Mikey said his mother and his grandmother used to tell him this fairytale sometimes when he was younger.  He says he’s not sure why he remembers this particular story, he just does.  I think he was probably told this story as a way of creating somewhat of a cultural identity and creating some ties to his Japanese heritage/descent.  Because is Japanese, Issei means first generation and usually means the generation of Japanese people born in Japan that perhaps immigrated to another country such as the United States.  The second generation is called Nissei, the third generation is Sansei, and the fourth generation is Yonsei.  Mikey is fourth generation in his family, as am I.  I know that because my parents are Sansei and I am Yonsei we partake in much less traditional Japanese customs compared to my grandmother and compared to how my grandmothers raised my parents.  Therefore, as the traditional Japanese customs and culture seems to be less and less with each generation I think these little pieces of Japanese folklore help create a sense of cultural identity and become increasingly significant and important.  This could explain why Mikey’s mom and grandma told him this fairytale and could also explain why he remembers this specific story; the strong cultural ties and meaning behind it.  This fairytale can be found among many other popular Japanese folktales in Florence Sadake’s book Japanese Children’s Favorite Stories on page 60.  These folktales are all translated and written in English.

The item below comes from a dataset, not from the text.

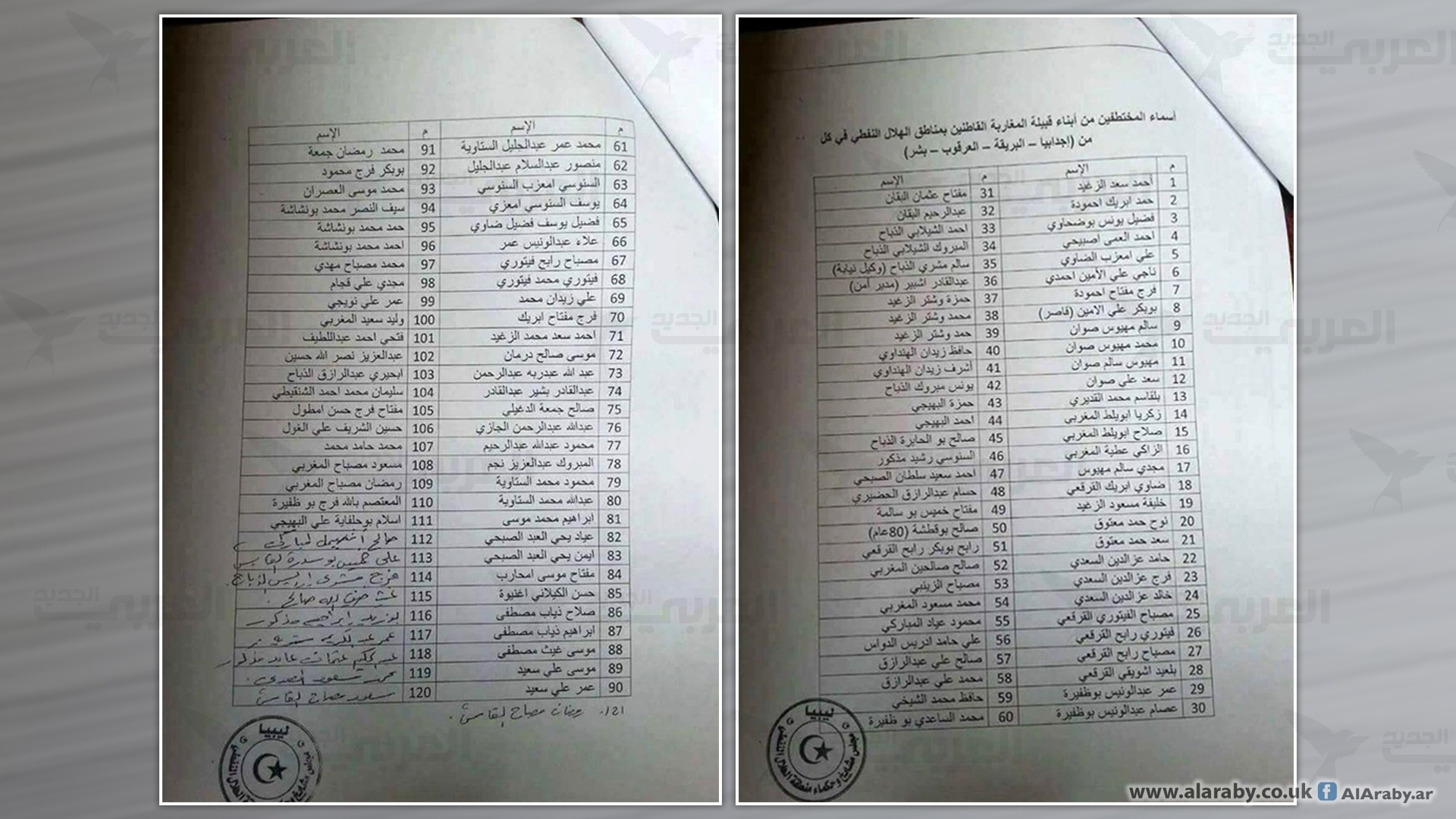 قائمة بأسماء المدنيين المختطفين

Little One Inch fits Propp’s 31 Funtions very nicely.  The story starts with a lack, as the married couple is without children or a child that they so desperately want.  Then the lack is fulfilled and the audience is introduced in the story’s hero, Little One Inch.  Little One Inch grows up and eventually decides he must go on a journey and venture out into the world, which is the departure from home in Propp’s functions.  Then of course the hero must meet obstacles along his journey, such as having is ice bowl boat over turned by the frog in the river and having to swim to shore.  Next in sequence is the meeting of the villain, which is the demon that Little One Inch and the Princess encounter in the nearby temple.  There is a struggle, which is the fight between Little One Inch and the demon.  Little One Inch had to be clever about in defeating a demon so much larger than himself in size.  Finally victory over the villain by the hero, who returns home or in this case to the castle and marries the girl or princess of the story.  It is very interesting to see how Propp’s functions can be followed by many folktales from many different cultures.

Annotation: Sadake, Florence.  Japanese Children’s Favorite Stories. Vermont: Tuttle Publishing:2003.